= Beginning of Section =

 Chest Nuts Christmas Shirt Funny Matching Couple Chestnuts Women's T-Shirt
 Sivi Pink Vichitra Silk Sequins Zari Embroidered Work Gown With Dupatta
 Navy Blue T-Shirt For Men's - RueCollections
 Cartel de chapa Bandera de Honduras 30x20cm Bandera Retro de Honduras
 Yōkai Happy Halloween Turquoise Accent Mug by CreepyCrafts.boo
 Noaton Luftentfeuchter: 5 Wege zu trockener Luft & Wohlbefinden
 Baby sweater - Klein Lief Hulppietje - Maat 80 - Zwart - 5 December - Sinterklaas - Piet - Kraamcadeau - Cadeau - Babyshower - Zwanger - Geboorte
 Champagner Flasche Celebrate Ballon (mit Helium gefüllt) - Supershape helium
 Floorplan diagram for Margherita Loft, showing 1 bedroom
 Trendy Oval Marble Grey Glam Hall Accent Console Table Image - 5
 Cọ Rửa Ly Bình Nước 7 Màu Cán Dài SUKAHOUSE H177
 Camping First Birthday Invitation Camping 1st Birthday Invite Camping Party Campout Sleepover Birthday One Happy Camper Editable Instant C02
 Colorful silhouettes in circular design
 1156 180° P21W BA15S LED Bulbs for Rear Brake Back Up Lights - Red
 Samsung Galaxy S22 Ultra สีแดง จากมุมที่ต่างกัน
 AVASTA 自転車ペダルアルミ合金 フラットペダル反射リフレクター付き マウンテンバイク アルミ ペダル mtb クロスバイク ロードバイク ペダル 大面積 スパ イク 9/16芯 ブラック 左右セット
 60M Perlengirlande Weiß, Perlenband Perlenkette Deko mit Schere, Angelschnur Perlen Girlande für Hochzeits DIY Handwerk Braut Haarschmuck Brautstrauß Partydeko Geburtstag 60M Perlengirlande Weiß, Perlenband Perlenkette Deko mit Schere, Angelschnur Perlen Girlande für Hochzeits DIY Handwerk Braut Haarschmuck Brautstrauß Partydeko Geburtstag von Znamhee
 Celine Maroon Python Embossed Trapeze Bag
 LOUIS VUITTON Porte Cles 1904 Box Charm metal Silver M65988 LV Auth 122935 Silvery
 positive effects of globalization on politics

= End of Section =

- What needs to be done -
Each line of the records must be reproduced exactly.

- Solution to this task -
 Chest Nuts Christmas Shirt Funny Matching Couple Chestnuts Women's T-Shirt
 Sivi Pink Vichitra Silk Sequins Zari Embroidered Work Gown With Dupatta
 Navy Blue T-Shirt For Men's - RueCollections
 Cartel de chapa Bandera de Honduras 30x20cm Bandera Retro de Honduras
 Yōkai Happy Halloween Turquoise Accent Mug by CreepyCrafts.boo
 Noaton Luftentfeuchter: 5 Wege zu trockener Luft & Wohlbefinden
 Baby sweater - Klein Lief Hulppietje - Maat 80 - Zwart - 5 December - Sinterklaas - Piet - Kraamcadeau - Cadeau - Babyshower - Zwanger - Geboorte
 Champagner Flasche Celebrate Ballon (mit Helium gefüllt) - Supershape helium
 Floorplan diagram for Margherita Loft, showing 1 bedroom
 Trendy Oval Marble Grey Glam Hall Accent Console Table Image - 5
 Cọ Rửa Ly Bình Nước 7 Màu Cán Dài SUKAHOUSE H177
 Camping First Birthday Invitation Camping 1st Birthday Invite Camping Party Campout Sleepover Birthday One Happy Camper Editable Instant C02
 Colorful silhouettes in circular design
 1156 180° P21W BA15S LED Bulbs for Rear Brake Back Up Lights - Red
 Samsung Galaxy S22 Ultra สีแดง จากมุมที่ต่างกัน
 AVASTA 自転車ペダルアルミ合金 フラットペダル反射リフレクター付き マウンテンバイク アルミ ペダル mtb クロスバイク ロードバイク ペダル 大面積 スパ イク 9/16芯 ブラック 左右セット
 60M Perlengirlande Weiß, Perlenband Perlenkette Deko mit Schere, Angelschnur Perlen Girlande für Hochzeits DIY Handwerk Braut Haarschmuck Brautstrauß Partydeko Geburtstag 60M Perlengirlande Weiß, Perlenband Perlenkette Deko mit Schere, Angelschnur Perlen Girlande für Hochzeits DIY Handwerk Braut Haarschmuck Brautstrauß Partydeko Geburtstag von Znamhee
 Celine Maroon Python Embossed Trapeze Bag
 LOUIS VUITTON Porte Cles 1904 Box Charm metal Silver M65988 LV Auth 122935 Silvery
 positive effects of globalization on politics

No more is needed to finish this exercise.